Premium Chessgames Member
  thegoodanarchist: And White doesn't even have to play 43.Re3 since the Bishop is protected by the queen. He could also play 43.Kh2
May-29-16  RookFile: Just playing over this - I know that Keres lost the game, but this was a good effort in a losing cause.

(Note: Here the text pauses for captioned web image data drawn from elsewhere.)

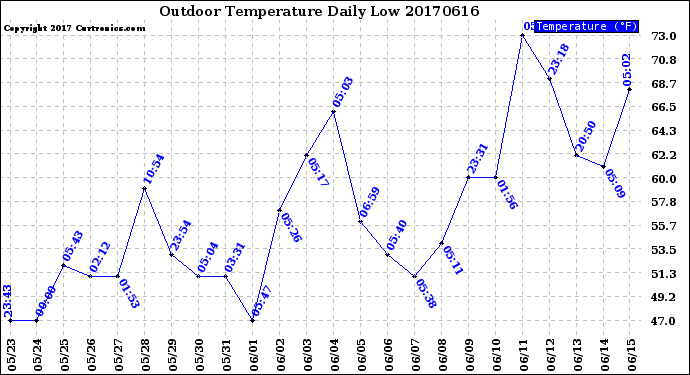 Milwaukee Weather Outdoor Temperature<br>Daily Low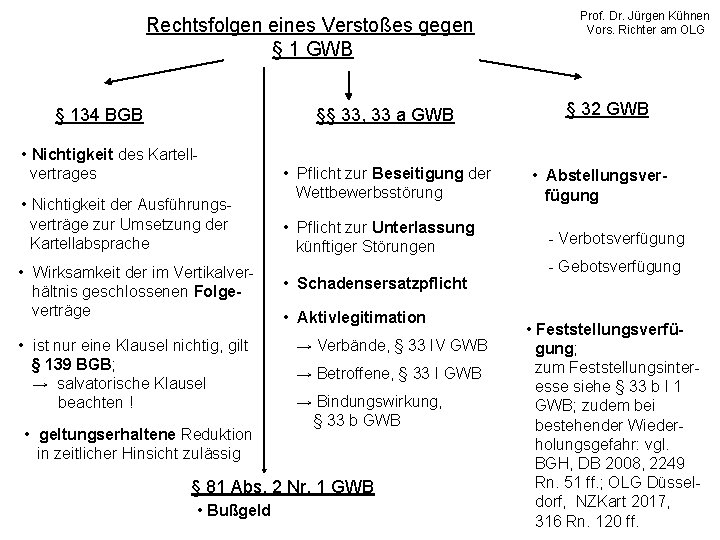 Rechtsfolgen eines Verstoßes gegen § 1 GWB § 134 BGB §§ 33, 33 a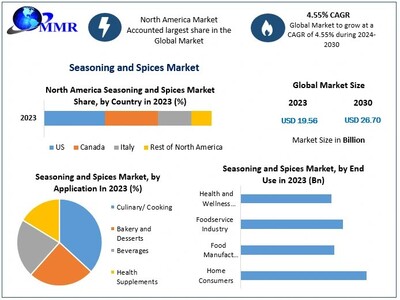 Seasoning and Spices Market to Hit USD 26.70 Bn at a Growth Rate of 4.55 percent- Says Maximize Market Research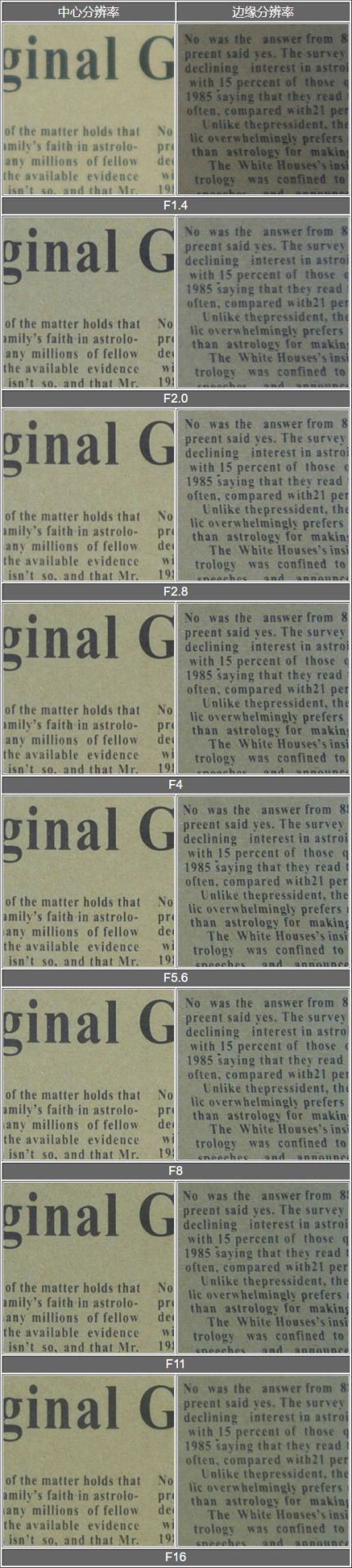 铭匠35mmf1.4使用教程,铭匠35mmf1.4和星曜50mm1.8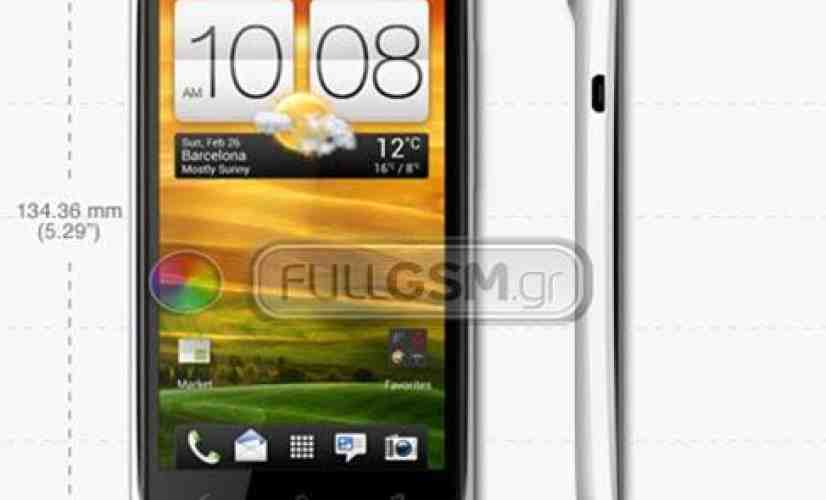 HTC One X leaks continue as full spec sheet and more renders surface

Keres offered ingenious resistance.
Feb-21-18  tigreton: I like move 40. (forty!) Qf1, a backwards attacking move is not usually easy to spot, but in this case the idea is clear: Re1 becomes unstoppable, and the rook invades the black position with gain of tempo (over the queen).
Premium Chessgames Member
  keypusher: <tigreton: I like move 40. (forty!) Qf1, a backwards attacking move is not usually easy to spot, but in this case the idea is clear: Re1 becomes unstoppable, and the rook invades the black position with gain of tempo (over the queen).>

This one's pretty easy to spot because it's the only way to save the rook while keeping the queens on.

Jun-19-20  sakredkow: In the same tournament Keres also lost the same variation through 14...Rd8 against Boleslavsky Boleslavsky vs Keres, 1941. Isaak chose 15. d5 rather than 15. Bd2.
The Chigorin was the mainline with that generation. White's early d3 move has put a stop to anything resembling that nonsense.